Neither the adoption of the Plan by the Board nor the submission of the Plan to
the shareholders of the Company for approval shall be construed as creating any
limitations on the power or authority of the Board to adopt, with or without
shareholder approval, such additional or other compensation arrangements as the
Board may from time to time deem desirable.

     18.  Governing Law. The Plan and all rights and obligations under it shall
be construed and enforced in accordance with the laws of the State of
California.

     19.  Information to Optionees.
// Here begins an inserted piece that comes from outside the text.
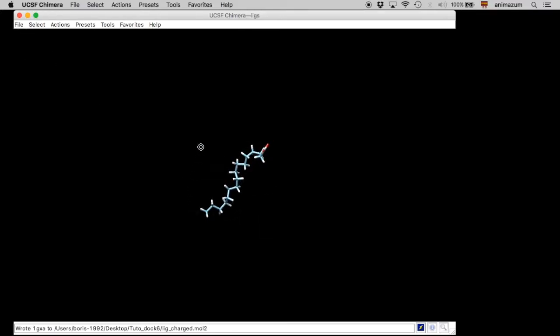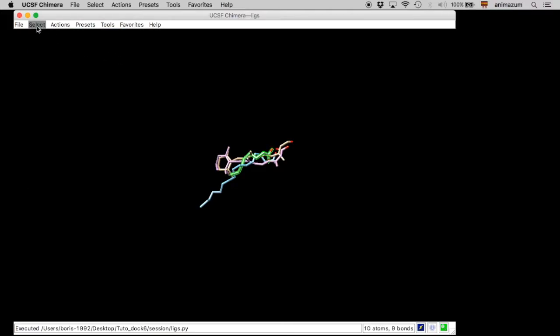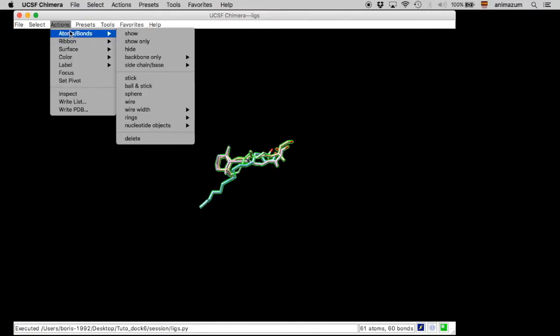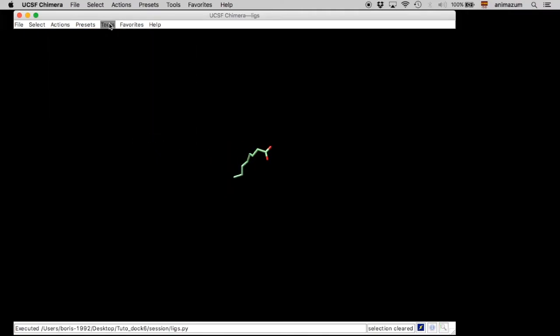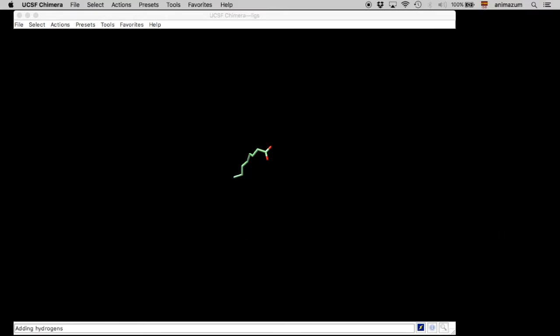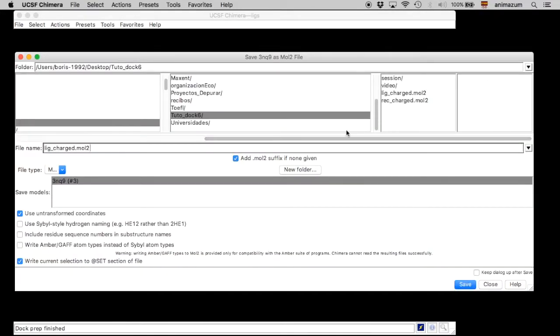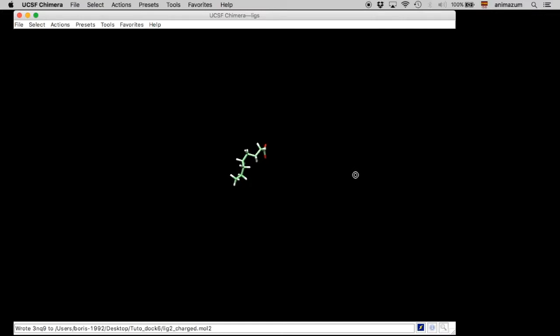Now we are going to reopen the session and in this situation we are going to select the other ligands and prepare them separately using the same approach — Dock Prep with hydrogens and charges. This time I am going to name this ligand as 'Lig2_charged'. Save. For the rest of the ligands, we are going to do the same.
Optionees under the Plan who do not
otherwise have access to financial statements of the Company will receive the
Company's financial statements at least annually.

                                       9
<PAGE>
 
                           RESEARCH ENGINEERS, INC.

          THIS PROXY IS SOLICITED ON BEHALF OF THE BOARD OF DIRECTORS

    The undersigned stockholder of Research Engineers, Inc. ("Company") hereby 
constitutes and appoints Amrit K. Das, with the power to appoint his 
substitution, as attorney and proxy, to appear, attend and vote all of the 
shares of common stock of the Company standing in the name of the undersigned on
the record date at the 1998 Annual Meeting of Stockholders of the Company to be 
held at the Company's offices located at 22700 Savi Ranch Parkway, Yorba Linda, 
California 92887, December 15, 1998, at 10:00 a.m. local time, and at any 
adjournment thereof, upon the following:

<TABLE> 

<S>                                                   <C>
    1.  To elect five directors as follows:

            FOR all nominees listed below,            WITHHOLD AUTHORITY to vote for 
             except as marked to the contrary          all nominees listed below

        (INSTRUCTION:  To withhold authority to vote for any individual nominee, strike
        a line through the nominee's name in the list provided below.)

            Amrit K. Das, Jyoti Chatterjee, Dan W. Heil, Bruce E. Cummings, Santanu Das

    2.  To consider and vote upon a proposal to adopt the Company's 1998 Stock Option Plan.

            FOR approval               AGAINST approval                ABSTAIN

    3.  To consider and vote upon a proposal to ratify the appointment of KPMG Peat Marwick LLP
        as independent auditors of the Company for the fiscal year beginning April 1, 1998.

            FOR approval               AGAINST approval                ABSTAIN

    4.  To vote in his discretion on such other business as may properly come before the meeting,
        or any adjournment thereof.
</TABLE> 


<PAGE>
 
     THIS PROXY, WHEN PROPERLY EXECUTED, WILL BE VOTED IN THE MANNER DIRECTED BY
THE UNDERSIGNED STOCKHOLDER. IF NO DIRECTION IS MADE, THIS PROXY WILL BE VOTED 
FOR THE PROPOSALS INDICATED AND IN ACCORDANCE WITH THE DISCRETION OF THE PROXY 
HOLDER ON ANY OTHER BUSINESS. ALL OTHER PROXIES HERETOFORE GIVEN BY THE 
UNDERSIGNED IN CONNECTION WITH THE ACTIONS PROPOSED ON THE REVERSE ARE HEREBY 
EXPRESSLY REVOKED. THIS PROXY MAY BE REVOKED AT ANY TIME BEFORE IT IS VOTED BY 
WRITTEN NOTICE TO THE SECRETARY OF THE COMPANY, BY ISSUANCE OF A SUBSEQUENT 
PROXY OR BY VOTING AT THE ANNUAL MEETING IN PERSON.

     Please mark, date, sign and return this proxy promptly in the enclosed
envelope. When shares are held by joint tenants, both should sign. When signing
as attorney, as executor, administrator, trustee or guardian, please give full
title as such. If a corporation, please sign in full corporate name by President
or other authorized officer. If a partnership, please sign in partnership name
by authorized person.



                                             DATED:
                                                   -----------------------------

                                             -----------------------------------
                                                (Signature of Stockholder(s))

                                             -----------------------------------
                                                    (Print Name(s) Here)

                                             PLEASE CHECK IF YOU ARE PLANNING TO
                                                 ATTEND THE ANNUAL MEETING.